Even before the recent well publicised economic difficulties experienced by some members of the eurozone – in fact, since it was first launched as a currency – questions had been raised about the long term viability of the euro.
In 2005 the US economist Milton Friedman warned: “The euro is going to be a big source of problems, not a source of help. The euro has no precedent. To the best of my knowledge, there has never been a monetary union, putting out a fiat currency, composed of independent states. There have been unions based on gold or silver, but not on fiat money – money tempted to inflate – put out by politically independent entities.”
Whether you agree with all Friedman’s monetarist views, he was certainly right to highlight the apparent oddness of imposing a common currency on those countries who opted for joining the EU for its many benefits: countries with very different cultures, political systems and levels of economic development. How could the euro have the same value in each of those member states and how could it remain constant when each of those states was, and is, responsible for its own economy and self interest, but without the ability to take corrective action when troubles arise: for instance, through devaluation of its currency in relation to its neighbours?
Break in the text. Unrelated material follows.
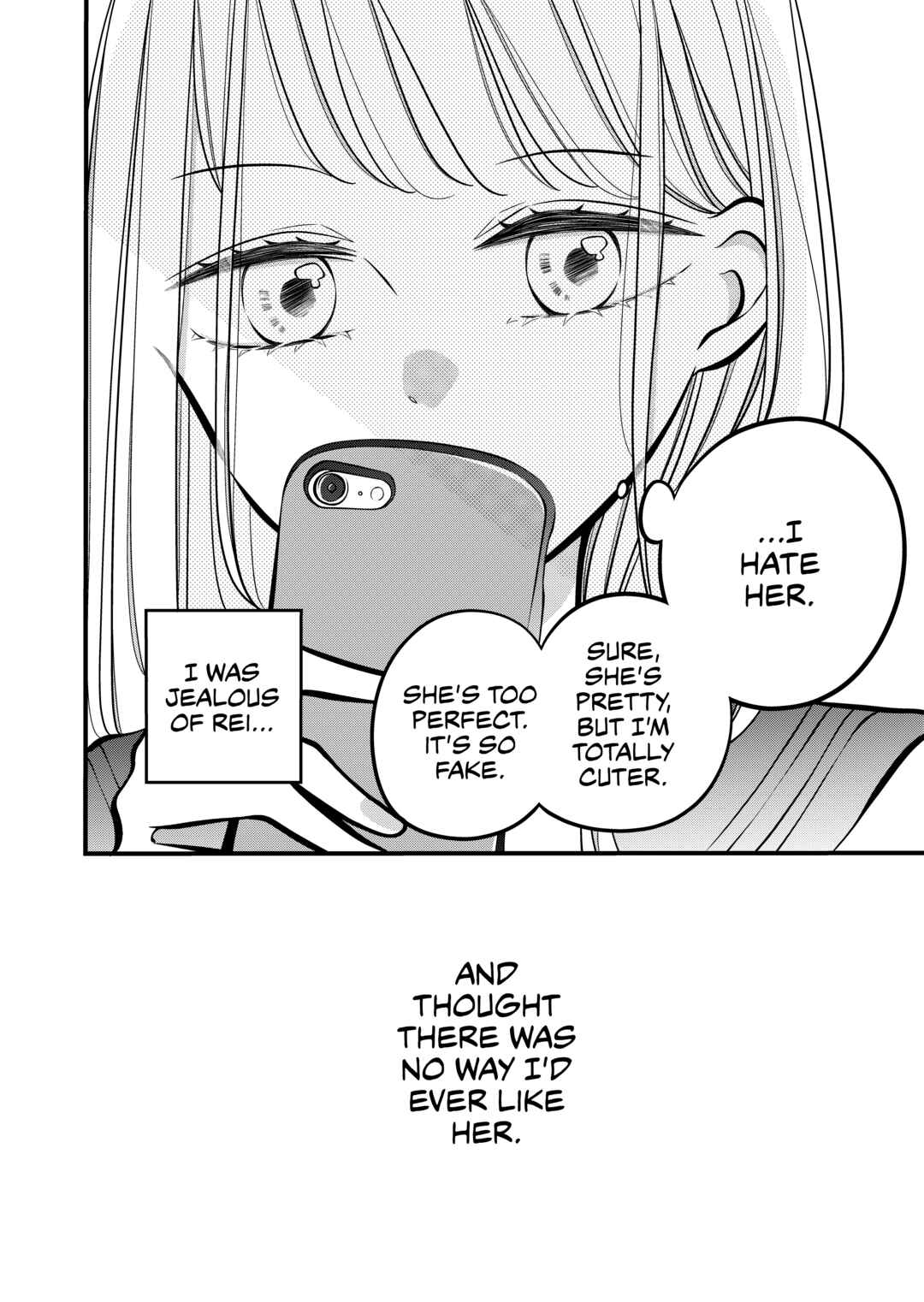 Chapter 36 - Page 4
So why have so many countries opted to join the eurozone? The answer lies, to a very large extent, in the many benefits that the eurozone presents to its members – and the breaking down of barriers to – and complications of – international trade are undoubtedly high on the list: no more worries about fluctuations in the exchange rate that might eat into the value of a sale, simplified billing, price transparency and competitive pricing for the potential purchaser. And the EU’s convergence criteria ensured that those bidding to join whip their economies into shape beforehand – although, as we’ve seen recently, some member countries have ‘let themselves go’ a little since the honeymoon.
The economic problems of those struggling member states serve to highlight the main issue concerning all the member states, because all those states are affected, as the value of the euro drops against other currencies, and tough decisions have to be made about effectively bailing out the ailing members. Opponents of the euro jump on this as a reason for it to be scrapped and for members to revert to their former currencies. But those same opponents have been opposing the euro – and predicting its downfall – for many years, and still it survives, albeit largely due to political will. Why? The easing of trade between member states must be the prime reason, as must the relative stability provided by a single currency when elsewhere capital flows lead to extreme currency movements that can seriously upset trading patterns. Even the UK, as an EU member but outside the ‘euro zone’, feels the pinch when the GBP/EUR exchange rate moves in the wrong direction.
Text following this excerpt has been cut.